#### Given information
/---
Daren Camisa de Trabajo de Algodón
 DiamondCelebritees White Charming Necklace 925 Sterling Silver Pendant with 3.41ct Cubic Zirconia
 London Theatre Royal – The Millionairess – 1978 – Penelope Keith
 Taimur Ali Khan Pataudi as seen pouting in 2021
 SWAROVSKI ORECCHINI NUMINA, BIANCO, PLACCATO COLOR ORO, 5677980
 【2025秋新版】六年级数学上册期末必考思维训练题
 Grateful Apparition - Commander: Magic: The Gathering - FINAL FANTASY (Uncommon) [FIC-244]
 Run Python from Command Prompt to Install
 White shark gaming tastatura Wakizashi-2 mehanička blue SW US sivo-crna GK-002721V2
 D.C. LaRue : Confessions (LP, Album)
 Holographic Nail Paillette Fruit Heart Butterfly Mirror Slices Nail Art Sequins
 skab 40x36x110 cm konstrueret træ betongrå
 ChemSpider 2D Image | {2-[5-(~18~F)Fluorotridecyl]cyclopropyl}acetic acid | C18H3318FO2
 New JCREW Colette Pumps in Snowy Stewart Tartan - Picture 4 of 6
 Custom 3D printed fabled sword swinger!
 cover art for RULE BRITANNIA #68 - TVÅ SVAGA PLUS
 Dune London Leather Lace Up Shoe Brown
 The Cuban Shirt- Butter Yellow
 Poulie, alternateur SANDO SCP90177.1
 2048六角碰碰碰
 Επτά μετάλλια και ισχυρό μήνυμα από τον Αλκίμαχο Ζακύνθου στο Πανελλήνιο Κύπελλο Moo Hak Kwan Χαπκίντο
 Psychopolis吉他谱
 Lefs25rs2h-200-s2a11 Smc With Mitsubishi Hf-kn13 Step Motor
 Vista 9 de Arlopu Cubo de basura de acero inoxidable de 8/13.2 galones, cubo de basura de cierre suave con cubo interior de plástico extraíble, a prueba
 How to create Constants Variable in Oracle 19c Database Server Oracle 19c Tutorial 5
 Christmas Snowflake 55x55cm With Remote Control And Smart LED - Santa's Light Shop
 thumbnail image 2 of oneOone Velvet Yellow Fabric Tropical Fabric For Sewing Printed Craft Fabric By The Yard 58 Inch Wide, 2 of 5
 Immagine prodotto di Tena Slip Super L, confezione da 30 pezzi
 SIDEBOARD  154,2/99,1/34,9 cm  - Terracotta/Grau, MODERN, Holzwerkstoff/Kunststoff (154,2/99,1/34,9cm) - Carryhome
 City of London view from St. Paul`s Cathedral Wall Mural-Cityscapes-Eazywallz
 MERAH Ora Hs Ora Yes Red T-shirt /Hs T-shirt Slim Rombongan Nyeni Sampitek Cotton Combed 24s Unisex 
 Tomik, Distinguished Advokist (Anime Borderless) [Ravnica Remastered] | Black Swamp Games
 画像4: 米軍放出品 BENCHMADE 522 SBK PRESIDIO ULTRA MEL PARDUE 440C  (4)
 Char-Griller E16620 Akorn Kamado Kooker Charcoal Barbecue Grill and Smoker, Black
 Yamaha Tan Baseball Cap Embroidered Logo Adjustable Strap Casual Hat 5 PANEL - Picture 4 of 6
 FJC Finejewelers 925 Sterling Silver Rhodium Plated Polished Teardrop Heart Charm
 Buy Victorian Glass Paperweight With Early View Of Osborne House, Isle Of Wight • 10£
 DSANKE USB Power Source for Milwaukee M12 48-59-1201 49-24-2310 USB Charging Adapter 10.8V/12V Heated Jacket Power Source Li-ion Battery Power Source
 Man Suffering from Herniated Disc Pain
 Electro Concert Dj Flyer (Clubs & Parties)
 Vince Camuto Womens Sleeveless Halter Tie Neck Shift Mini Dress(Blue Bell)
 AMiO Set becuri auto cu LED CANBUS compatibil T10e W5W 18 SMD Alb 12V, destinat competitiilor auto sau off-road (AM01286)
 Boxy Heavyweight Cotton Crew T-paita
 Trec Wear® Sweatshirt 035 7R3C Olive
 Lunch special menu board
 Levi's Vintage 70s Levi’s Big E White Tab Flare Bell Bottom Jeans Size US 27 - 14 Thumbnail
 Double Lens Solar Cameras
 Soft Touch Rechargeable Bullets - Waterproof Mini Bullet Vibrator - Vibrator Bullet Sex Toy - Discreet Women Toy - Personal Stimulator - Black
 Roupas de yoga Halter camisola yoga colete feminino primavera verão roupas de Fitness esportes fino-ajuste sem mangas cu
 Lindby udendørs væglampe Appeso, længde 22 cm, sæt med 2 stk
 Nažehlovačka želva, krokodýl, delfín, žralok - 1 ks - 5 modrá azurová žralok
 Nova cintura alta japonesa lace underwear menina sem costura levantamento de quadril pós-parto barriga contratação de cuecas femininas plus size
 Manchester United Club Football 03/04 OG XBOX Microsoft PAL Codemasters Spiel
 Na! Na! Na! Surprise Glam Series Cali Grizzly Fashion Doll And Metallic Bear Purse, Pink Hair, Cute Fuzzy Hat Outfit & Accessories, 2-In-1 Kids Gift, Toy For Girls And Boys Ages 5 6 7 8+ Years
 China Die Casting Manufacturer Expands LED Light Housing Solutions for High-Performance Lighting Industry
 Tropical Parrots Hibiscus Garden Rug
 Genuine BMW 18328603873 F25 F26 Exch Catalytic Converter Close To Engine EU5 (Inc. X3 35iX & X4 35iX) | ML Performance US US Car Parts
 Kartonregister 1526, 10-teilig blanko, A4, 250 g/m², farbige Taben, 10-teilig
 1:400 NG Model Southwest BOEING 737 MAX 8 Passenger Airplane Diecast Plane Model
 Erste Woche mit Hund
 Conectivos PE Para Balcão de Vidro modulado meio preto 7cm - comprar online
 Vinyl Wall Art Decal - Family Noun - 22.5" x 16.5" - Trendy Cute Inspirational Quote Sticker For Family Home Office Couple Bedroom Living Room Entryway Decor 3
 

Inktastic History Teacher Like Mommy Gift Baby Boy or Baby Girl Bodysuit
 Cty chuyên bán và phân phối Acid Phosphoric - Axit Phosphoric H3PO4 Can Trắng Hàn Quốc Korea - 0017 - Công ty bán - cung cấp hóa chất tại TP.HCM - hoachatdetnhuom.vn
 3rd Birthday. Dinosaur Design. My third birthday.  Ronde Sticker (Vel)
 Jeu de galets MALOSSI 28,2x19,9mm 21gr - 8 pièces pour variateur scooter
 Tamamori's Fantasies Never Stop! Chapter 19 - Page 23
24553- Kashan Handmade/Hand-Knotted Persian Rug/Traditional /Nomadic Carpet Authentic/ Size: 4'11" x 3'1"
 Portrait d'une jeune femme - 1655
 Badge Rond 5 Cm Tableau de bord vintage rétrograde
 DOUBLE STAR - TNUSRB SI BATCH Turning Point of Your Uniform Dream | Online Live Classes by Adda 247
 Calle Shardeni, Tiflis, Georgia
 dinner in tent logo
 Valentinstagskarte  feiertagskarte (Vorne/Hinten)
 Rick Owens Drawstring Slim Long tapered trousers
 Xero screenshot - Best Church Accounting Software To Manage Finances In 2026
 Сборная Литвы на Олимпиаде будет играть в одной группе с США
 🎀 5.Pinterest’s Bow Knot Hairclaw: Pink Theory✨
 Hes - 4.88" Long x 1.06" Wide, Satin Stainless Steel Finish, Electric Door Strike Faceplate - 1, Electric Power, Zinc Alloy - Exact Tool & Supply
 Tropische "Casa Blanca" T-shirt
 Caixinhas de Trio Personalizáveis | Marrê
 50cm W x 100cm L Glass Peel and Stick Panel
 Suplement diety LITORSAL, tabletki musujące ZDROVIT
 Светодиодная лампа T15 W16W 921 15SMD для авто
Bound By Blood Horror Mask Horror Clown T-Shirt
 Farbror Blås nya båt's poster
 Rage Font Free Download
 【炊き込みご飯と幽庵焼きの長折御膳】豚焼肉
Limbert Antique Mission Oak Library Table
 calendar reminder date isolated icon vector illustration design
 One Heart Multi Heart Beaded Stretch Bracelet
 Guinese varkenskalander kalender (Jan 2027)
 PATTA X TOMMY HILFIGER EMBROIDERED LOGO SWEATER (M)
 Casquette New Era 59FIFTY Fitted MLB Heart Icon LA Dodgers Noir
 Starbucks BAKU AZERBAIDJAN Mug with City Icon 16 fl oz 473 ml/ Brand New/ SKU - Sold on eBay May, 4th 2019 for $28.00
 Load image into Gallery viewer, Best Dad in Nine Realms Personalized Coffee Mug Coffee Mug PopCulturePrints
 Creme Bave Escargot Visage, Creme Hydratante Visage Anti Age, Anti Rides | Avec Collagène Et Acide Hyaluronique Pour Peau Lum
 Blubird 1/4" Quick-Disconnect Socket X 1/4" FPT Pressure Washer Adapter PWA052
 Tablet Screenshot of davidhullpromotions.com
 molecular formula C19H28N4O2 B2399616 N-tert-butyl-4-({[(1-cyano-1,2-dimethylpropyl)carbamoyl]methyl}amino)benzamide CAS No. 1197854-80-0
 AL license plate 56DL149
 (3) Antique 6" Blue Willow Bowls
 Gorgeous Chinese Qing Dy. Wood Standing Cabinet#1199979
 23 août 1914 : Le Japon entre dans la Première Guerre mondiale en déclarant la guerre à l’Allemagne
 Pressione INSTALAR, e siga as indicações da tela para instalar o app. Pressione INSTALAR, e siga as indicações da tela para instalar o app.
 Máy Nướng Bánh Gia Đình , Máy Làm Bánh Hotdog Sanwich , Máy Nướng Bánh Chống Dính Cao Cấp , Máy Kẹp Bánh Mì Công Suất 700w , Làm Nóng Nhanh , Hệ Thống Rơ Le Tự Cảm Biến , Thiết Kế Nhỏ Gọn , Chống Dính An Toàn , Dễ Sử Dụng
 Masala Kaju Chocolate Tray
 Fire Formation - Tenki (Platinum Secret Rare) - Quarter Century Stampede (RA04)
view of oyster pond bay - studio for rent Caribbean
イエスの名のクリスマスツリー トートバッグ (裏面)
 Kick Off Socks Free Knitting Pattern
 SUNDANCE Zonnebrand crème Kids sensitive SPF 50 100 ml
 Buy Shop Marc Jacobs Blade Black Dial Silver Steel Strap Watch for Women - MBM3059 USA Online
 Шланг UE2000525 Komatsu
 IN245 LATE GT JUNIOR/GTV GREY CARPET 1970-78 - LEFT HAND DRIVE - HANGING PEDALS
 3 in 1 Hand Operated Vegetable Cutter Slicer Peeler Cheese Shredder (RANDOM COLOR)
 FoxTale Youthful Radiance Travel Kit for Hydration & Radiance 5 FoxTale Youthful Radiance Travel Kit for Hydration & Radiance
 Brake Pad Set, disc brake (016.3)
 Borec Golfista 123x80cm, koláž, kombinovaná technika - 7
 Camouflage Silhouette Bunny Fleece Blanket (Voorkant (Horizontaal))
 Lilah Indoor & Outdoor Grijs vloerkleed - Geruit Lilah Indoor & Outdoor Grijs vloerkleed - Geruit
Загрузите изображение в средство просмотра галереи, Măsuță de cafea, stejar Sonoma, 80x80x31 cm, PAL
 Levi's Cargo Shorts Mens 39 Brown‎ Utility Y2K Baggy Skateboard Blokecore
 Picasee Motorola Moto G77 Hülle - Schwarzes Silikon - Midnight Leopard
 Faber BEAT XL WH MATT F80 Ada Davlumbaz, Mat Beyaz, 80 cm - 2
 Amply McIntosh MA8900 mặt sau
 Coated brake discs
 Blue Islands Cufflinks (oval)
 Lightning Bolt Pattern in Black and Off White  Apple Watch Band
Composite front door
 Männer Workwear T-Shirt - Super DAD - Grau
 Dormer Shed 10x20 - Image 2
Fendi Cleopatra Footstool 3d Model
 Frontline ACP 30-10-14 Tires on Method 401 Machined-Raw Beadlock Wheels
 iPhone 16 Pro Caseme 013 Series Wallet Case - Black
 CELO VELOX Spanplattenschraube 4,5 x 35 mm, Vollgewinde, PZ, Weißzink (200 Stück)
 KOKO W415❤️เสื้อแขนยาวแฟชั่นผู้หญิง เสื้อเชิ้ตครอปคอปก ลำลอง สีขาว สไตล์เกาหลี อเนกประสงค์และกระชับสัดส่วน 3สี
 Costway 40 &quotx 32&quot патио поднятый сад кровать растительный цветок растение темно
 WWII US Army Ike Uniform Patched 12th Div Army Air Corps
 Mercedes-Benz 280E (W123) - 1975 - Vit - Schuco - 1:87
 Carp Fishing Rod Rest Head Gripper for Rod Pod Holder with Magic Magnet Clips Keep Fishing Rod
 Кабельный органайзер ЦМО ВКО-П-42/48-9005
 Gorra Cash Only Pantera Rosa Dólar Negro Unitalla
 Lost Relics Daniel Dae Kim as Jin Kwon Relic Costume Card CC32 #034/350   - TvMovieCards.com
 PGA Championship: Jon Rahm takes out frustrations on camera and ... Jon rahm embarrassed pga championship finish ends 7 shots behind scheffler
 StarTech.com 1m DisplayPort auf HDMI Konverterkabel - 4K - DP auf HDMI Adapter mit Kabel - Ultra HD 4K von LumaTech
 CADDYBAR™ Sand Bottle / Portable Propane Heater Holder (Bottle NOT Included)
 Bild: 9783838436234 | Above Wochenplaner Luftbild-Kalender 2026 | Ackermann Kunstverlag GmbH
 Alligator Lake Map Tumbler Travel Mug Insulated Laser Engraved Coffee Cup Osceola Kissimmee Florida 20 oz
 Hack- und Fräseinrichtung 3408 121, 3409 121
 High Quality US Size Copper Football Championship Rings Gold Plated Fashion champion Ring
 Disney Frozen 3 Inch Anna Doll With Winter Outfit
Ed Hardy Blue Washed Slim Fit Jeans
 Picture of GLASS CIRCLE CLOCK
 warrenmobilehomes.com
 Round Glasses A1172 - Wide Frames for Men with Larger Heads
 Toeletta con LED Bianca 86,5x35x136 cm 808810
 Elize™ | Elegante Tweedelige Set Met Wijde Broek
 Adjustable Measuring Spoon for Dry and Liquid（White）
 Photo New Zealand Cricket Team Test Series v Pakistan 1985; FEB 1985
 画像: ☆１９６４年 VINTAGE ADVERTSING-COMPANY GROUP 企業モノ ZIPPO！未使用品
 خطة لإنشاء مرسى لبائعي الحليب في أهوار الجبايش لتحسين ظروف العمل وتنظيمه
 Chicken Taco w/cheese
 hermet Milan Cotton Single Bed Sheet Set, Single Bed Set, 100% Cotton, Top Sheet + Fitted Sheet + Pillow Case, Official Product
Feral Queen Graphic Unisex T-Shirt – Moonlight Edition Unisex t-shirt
\---
#### Description of the task
Among the records above, which lines hold the word "Holder"? Copy each one.

#### Result for this exercise
 Carp Fishing Rod Rest Head Gripper for Rod Pod Holder with Magic Magnet Clips Keep Fishing Rod
 CADDYBAR™ Sand Bottle / Portable Propane Heater Holder (Bottle NOT Included)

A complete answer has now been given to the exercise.